MATERIAL FOR THIS TASK below:

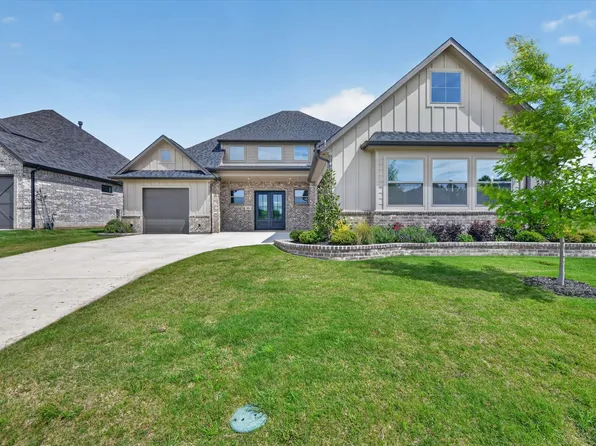 961 Bandon Dunes Dr, Fort Worth, TX 76102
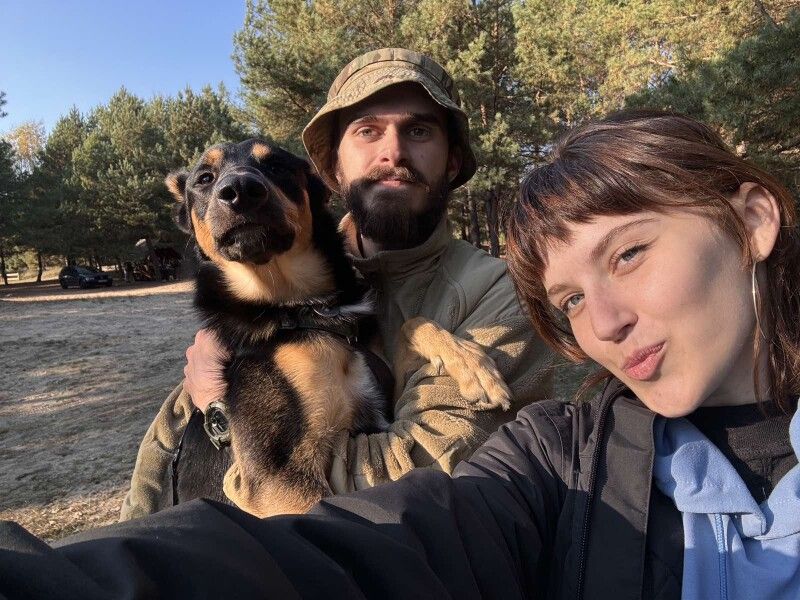 Владислав і його кохана дівчина Ксюша взяли на виховання бездомного собаку, що став їхнім улюбленцем.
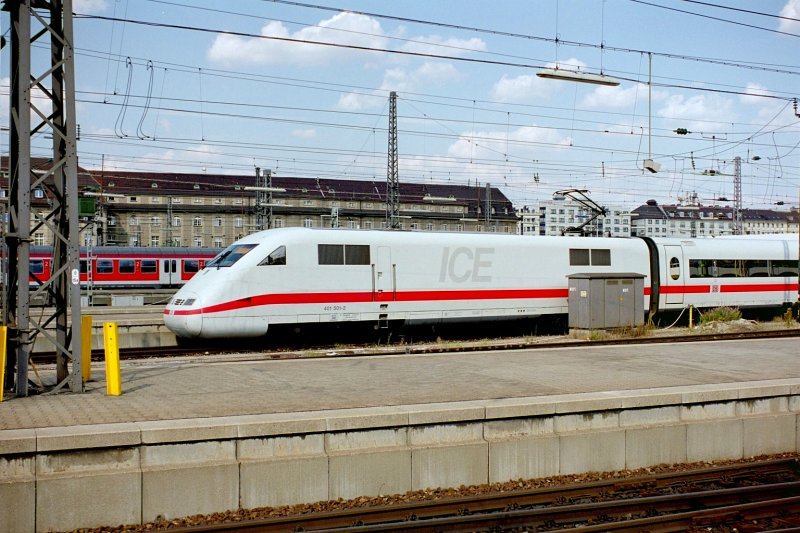 800 - 5-05 - 24-08-2003 - Muenchen.jpg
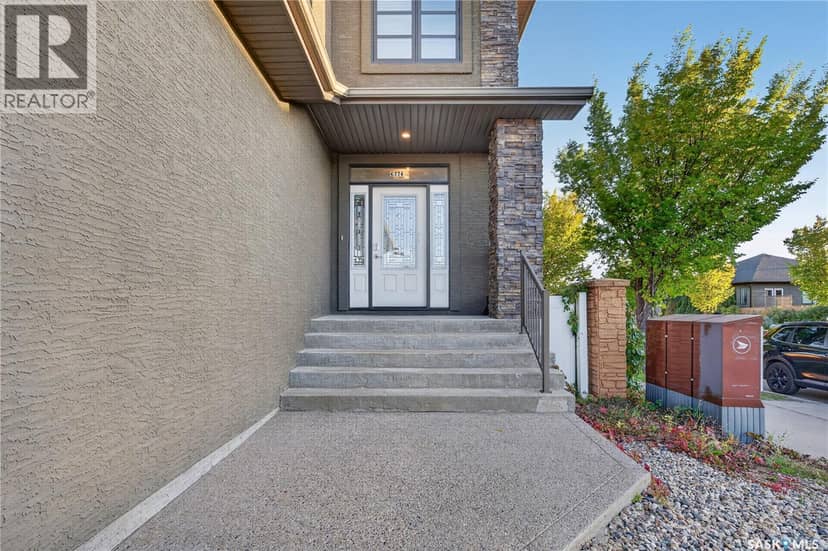 4774 Skinner Crescent — photo 6 of 40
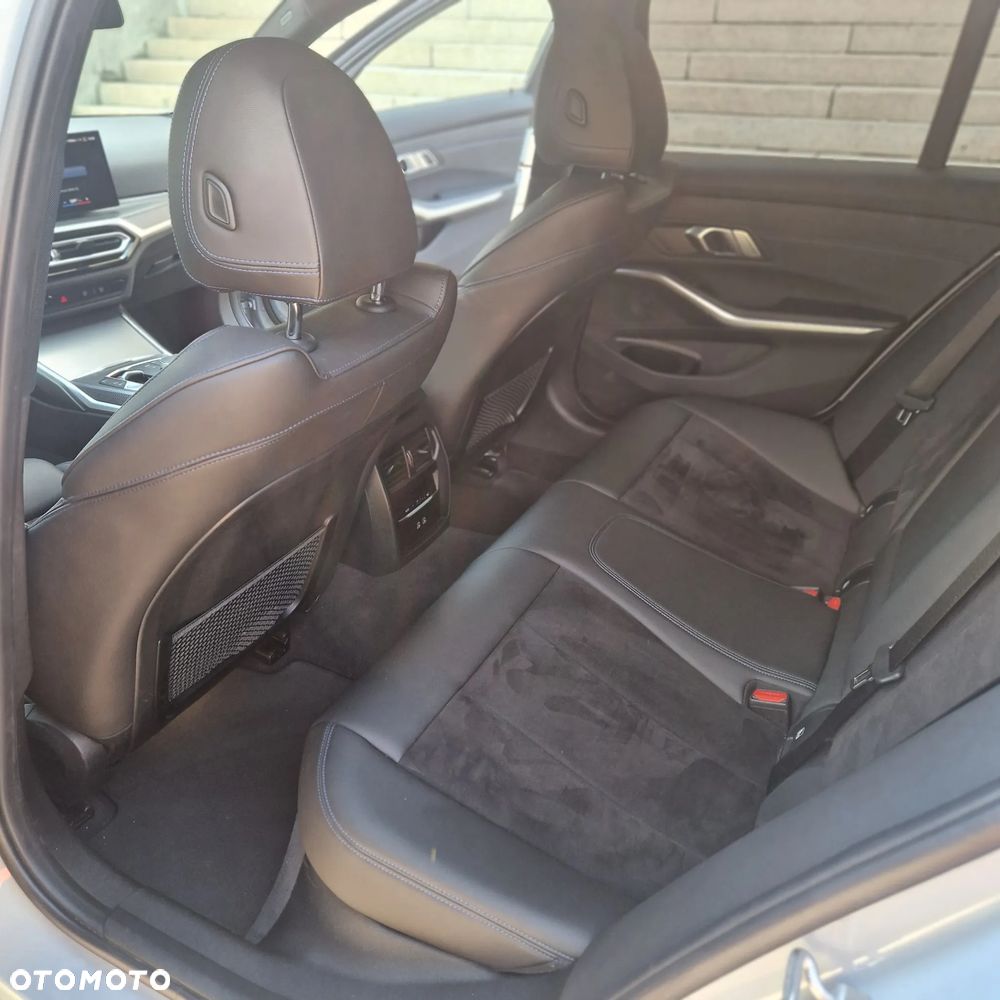 BMW Seria 3 330e xDrive M Sport - 11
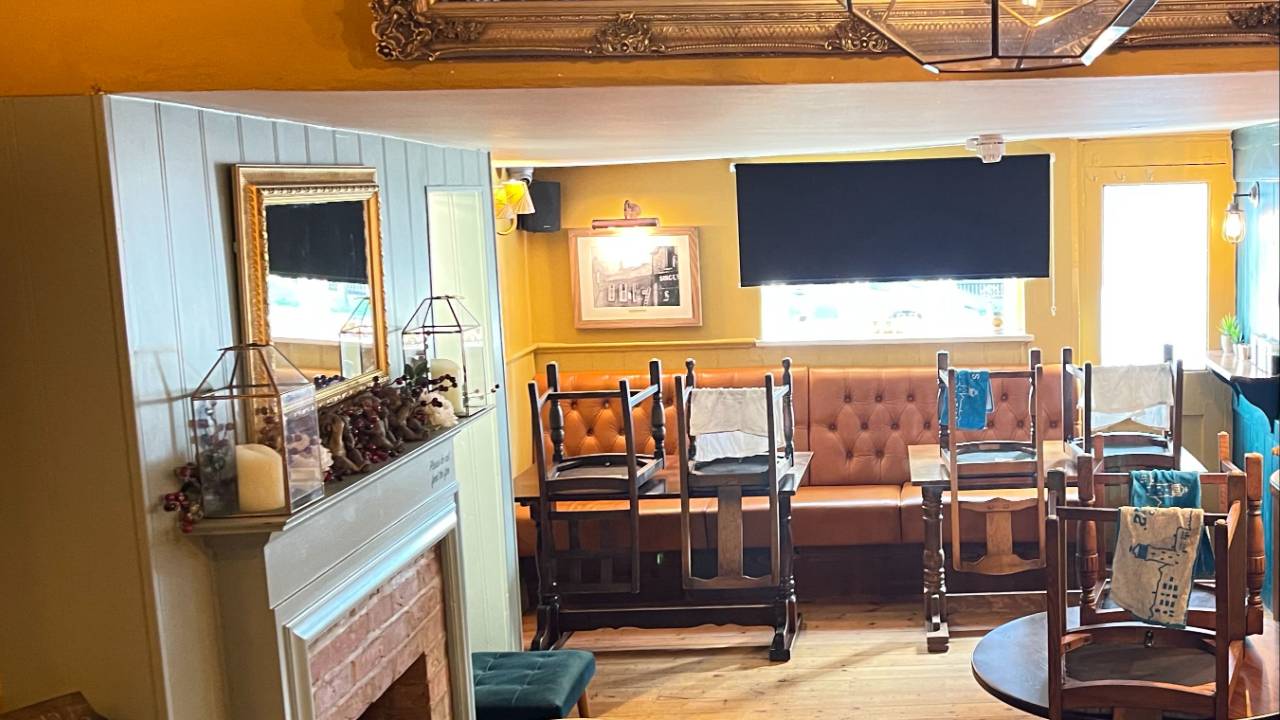 The Lamb Pub Berkhamsted weekly clean – Mackies Cleaning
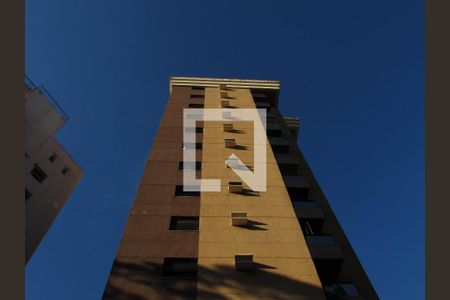 Apartamento à venda com 280m², 4 quartos e 4 vagasFachada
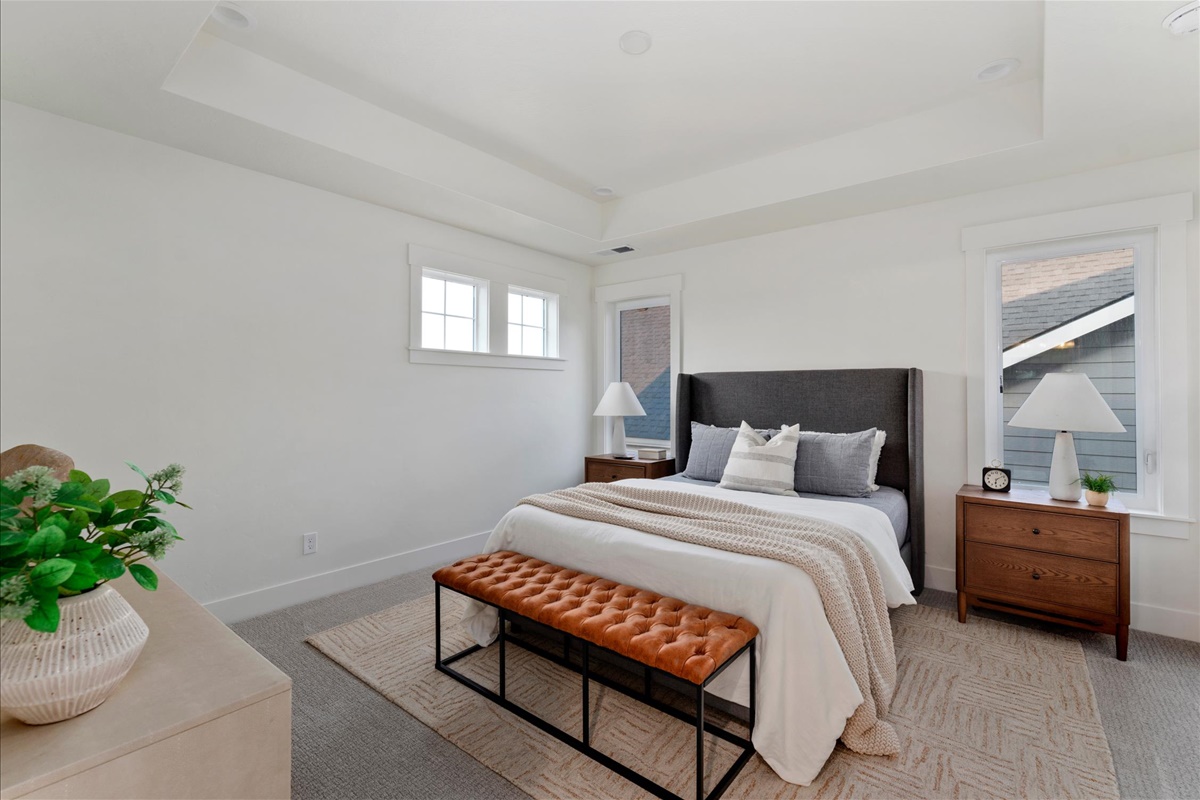 1055 E Escalation St_22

End of MATERIAL FOR THIS TASK.

● **PROBLEM DESCRIPTION**: Where the line containing "Apartamento à venda" appears in the records above, begin copying and continue exactly through the last line, with nothing else; omit every picture.

● **EXERCISE RESPONSE**:
 Apartamento à venda com 280m², 4 quartos e 4 vagasFachada
 1055 E Escalation St_22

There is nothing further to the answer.